While there is no enforcement mechanism to hold countries to the pledge, some advocates remain optimistic that it will help reduce methane emissions.
“I think there’s a good chance they will meet it and I think it’s because the climate crisis has become more urgent and more center-stage over the last couple of years,” said Dan Grossman, associate vice president of the global energy transition at the Environmental Defense Fund.
He added that the onus is on developed countries in particular, saying “there is an expectation and an obligation that they do as much as they possibly can to compensate for economies that may not have as much flexibility.”
Biden, in remarks Tuesday morning, called the pledge “game-changing.”
“This is going to make a huge difference. And not just when it comes to fighting climate change,” he said, referring also to health benefits and economic benefits of ensuring that gas doesn’t leak out.
The initiative comes as the U.S. attempts to more broadly reassert its leadership on climate change following former President Trump’s inaction on the issue and his withdrawal from the global Paris Agreement.

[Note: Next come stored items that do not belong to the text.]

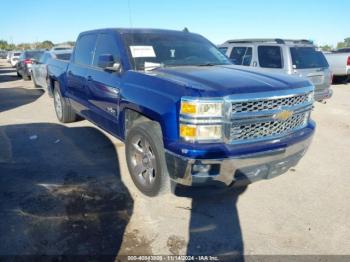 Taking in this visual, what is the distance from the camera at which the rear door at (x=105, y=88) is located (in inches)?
174

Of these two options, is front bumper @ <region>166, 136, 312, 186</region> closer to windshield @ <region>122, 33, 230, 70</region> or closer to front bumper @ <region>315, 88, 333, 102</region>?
windshield @ <region>122, 33, 230, 70</region>

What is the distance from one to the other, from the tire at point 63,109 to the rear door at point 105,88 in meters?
1.80

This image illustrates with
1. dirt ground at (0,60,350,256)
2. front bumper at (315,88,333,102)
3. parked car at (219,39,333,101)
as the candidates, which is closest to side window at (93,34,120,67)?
dirt ground at (0,60,350,256)

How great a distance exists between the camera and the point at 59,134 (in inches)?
259

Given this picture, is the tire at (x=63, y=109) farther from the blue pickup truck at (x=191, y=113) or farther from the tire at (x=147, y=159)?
the tire at (x=147, y=159)

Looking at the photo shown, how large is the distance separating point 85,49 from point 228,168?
362 centimetres

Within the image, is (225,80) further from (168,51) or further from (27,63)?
(27,63)

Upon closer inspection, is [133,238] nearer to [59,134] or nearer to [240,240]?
[240,240]

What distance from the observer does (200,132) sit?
3.20 metres

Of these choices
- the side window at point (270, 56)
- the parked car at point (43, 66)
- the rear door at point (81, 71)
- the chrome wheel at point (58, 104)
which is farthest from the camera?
the parked car at point (43, 66)

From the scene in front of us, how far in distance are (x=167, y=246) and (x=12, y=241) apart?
4.61 feet

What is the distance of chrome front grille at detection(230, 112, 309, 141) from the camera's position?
10.8 feet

The Biden administration has signaled it intends to take action on a number of regulations as Democrats in Congress face headwinds in their efforts to pass climate legislation, stoking uncertainty over whether they can advance significant proposals.
The Environmental Protection Agency (EPA) this week proposed a new rule aimed at new and existing sources of methane pollution from the oil and gas sector. The EPA said it will cut methane emissions from regulated entities by 74 percent compared to 2005 levels.

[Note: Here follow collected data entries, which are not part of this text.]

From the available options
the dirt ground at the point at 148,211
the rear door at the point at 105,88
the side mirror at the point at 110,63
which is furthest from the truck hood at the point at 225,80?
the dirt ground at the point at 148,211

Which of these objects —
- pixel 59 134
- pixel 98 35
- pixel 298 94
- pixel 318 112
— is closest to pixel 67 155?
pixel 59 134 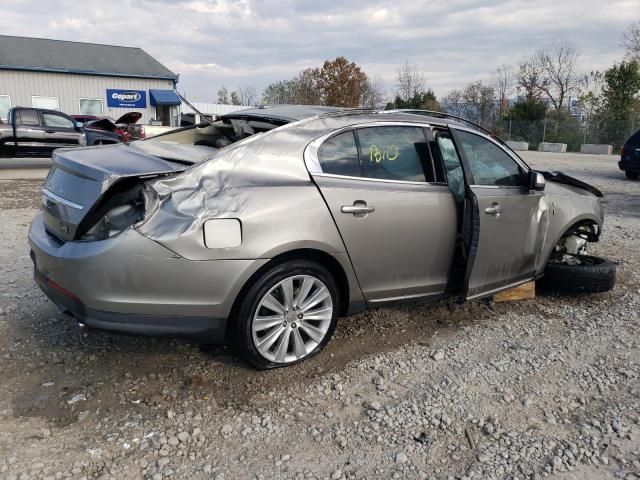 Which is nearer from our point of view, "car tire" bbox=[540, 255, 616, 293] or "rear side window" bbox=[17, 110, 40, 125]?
"car tire" bbox=[540, 255, 616, 293]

For the first time, the administration is taking on existing sources of methane pollution from the oil and gas industry by requiring states to develop guidelines that restrict the release or burn off of excess gas — processes known as venting and flaring.
Venting and flaring release methane since that substance is the main component of natural gas.
Darin Schroeder, associate attorney at the Clean Air Task Force, said it was a big deal that the agency was cutting methane from existing operations, which make up most of the oil and gas industry, but said the agency could have gone even further.
“Proposing some existing source guidelines is a really big step forward because that’s where most of the emissions are: from facilities that are existing today,” Schroeder said.
The agency is also adding more regulations on new facilities — like requiring certain technologies used by the industry to be non-emitting.
Previous regulations on new facilities were rolled back by the Trump administration but restored earlier this year through a disapproval resolution passed by Congress and signed by Biden.
The EPA’s latest action has not drawn much pushback from industry advocates. BP released a statement saying it “applauds” the move, while some trade groups gave more tepid responses, saying they support methane regulations and would look into the action.
The announcement comes as part of a methane plan from the agency, which also aims to tackle methane through other agencies and from other parts of the economy.
It said, for example, that the Bureau of Land Management will eventually seek to put royalty fees on vented and flared gas in order to curb the practices.
But, where it uses a regulatory approach for oil and gas, it uses a voluntary approach for agriculture — disappointing some advocates.
“They need to start with setting a pathway toward regulation,” said Ben Lilliston, director of climate change and rural strategies at the Institute for Agriculture and Trade Policy.
“I think it would immediately have an impact and people thinking differently about raising animals and the best system to do so,” Lilliston said of regulations on the agricultural industry.
The agricultural industry is the largest U.S. methane source when livestock and manure emissions are counted together.
But the regulations come as the White House struggles to get its climate agenda across the finish line in Congress — suggesting it may need to focus more on regulatory action.
While the agency was widely expected to regulate methane emissions from existing sources, the rule happens to come as a congressional proposal to cut additional methane emissions is at risk.
One area that Democrats are wrangling over is whether — and how — to limit methane emissions from oil and gas, having pitched a fee on emissions that met resistance from key swing vote Sen. Joe Manchin (D-W.Va.).
In a recent House proposal, Democrats pitched both fees on the releases and incentives to cut them through $775 million for grants, rebates, contracts and loans.
Nevertheless, Grossman, with the Environmental Defense Fund, said he believes that regulation is the best way to tackle methane from oil and gas.
“I think the rules are the primary strategy, and rightfully so,” he said.